Records from a data source:
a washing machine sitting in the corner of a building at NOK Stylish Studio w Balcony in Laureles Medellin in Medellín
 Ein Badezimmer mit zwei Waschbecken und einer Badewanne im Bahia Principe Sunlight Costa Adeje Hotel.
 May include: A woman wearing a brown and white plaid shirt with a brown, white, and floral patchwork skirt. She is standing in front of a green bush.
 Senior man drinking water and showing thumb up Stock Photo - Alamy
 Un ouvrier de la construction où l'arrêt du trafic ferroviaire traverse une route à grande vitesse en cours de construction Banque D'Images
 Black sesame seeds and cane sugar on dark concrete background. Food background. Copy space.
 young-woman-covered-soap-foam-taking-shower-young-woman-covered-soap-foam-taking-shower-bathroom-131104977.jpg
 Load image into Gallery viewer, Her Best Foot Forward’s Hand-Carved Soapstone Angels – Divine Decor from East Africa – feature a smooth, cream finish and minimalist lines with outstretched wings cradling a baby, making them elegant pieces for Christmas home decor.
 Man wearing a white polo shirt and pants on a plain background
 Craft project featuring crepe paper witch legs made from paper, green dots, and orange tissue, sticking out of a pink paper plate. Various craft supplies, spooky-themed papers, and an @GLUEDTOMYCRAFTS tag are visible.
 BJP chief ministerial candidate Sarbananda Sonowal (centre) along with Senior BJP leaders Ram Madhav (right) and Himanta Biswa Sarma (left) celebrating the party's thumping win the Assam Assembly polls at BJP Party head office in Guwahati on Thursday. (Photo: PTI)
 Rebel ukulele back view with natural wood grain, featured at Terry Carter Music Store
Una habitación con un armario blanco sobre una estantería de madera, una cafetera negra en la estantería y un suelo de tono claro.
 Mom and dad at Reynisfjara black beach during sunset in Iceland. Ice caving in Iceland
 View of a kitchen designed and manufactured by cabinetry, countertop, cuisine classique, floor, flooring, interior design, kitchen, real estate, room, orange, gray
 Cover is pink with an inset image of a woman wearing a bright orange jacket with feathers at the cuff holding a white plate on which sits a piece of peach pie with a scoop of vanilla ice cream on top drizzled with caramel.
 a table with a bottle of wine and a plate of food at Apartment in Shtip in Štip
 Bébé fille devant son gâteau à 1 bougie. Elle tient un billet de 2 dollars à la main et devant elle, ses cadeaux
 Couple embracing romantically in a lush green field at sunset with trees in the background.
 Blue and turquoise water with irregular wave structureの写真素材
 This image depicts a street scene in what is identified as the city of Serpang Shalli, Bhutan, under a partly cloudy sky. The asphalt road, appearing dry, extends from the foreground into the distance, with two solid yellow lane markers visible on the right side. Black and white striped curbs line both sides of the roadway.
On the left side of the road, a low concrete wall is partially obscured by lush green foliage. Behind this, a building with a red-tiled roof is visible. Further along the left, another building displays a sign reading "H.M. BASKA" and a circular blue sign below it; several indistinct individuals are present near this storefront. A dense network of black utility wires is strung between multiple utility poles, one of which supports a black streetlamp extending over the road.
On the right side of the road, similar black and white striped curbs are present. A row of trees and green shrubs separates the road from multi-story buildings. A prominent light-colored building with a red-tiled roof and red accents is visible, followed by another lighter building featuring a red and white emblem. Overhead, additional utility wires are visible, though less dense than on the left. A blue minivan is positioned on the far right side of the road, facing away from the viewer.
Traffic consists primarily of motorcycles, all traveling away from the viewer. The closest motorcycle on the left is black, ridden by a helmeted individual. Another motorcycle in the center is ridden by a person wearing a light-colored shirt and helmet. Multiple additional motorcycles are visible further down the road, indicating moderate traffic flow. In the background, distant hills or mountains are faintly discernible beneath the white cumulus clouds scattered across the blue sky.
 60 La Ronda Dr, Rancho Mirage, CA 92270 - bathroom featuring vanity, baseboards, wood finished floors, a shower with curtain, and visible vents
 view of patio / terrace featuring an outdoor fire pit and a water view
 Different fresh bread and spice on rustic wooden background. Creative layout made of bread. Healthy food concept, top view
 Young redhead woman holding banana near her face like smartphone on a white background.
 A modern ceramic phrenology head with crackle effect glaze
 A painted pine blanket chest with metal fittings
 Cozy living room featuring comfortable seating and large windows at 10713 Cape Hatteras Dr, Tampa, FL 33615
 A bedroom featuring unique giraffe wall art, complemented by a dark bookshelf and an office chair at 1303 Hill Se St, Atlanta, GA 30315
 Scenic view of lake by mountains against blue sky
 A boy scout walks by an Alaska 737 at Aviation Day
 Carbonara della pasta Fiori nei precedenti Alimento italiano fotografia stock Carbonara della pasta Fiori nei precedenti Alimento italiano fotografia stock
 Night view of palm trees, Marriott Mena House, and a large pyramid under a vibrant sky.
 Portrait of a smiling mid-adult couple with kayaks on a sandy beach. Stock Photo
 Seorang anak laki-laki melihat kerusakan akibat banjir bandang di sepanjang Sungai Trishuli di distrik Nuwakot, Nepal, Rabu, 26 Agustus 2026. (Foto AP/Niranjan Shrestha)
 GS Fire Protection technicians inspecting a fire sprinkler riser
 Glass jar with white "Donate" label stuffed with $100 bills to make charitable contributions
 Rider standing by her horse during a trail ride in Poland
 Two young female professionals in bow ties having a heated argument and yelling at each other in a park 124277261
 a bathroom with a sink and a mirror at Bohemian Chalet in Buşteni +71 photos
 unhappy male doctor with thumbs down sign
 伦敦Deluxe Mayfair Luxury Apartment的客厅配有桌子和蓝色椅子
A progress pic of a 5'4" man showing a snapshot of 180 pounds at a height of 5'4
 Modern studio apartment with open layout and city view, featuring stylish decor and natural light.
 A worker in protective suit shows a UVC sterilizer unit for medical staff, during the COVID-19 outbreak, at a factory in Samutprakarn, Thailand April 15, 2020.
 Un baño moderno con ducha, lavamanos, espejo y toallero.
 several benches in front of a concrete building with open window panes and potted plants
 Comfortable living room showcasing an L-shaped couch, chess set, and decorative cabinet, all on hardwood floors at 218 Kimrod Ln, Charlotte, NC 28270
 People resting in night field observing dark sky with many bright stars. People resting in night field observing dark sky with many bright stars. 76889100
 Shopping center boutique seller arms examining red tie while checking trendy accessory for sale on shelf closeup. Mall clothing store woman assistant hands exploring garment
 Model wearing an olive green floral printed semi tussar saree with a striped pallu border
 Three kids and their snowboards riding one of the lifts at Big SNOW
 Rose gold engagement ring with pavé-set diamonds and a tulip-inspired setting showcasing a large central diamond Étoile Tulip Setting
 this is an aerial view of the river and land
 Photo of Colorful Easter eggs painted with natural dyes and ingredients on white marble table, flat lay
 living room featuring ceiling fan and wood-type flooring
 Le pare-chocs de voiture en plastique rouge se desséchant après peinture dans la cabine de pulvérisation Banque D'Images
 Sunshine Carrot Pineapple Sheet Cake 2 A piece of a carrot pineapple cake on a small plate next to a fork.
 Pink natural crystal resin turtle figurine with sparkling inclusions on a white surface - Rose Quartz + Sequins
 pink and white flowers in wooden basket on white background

- What you have to do:
Return, in full, every line of these entries that holds "living".

- Answer below:
 Cozy living room featuring comfortable seating and large windows at 10713 Cape Hatteras Dr, Tampa, FL 33615
 Comfortable living room showcasing an L-shaped couch, chess set, and decorative cabinet, all on hardwood floors at 218 Kimrod Ln, Charlotte, NC 28270
 living room featuring ceiling fan and wood-type flooring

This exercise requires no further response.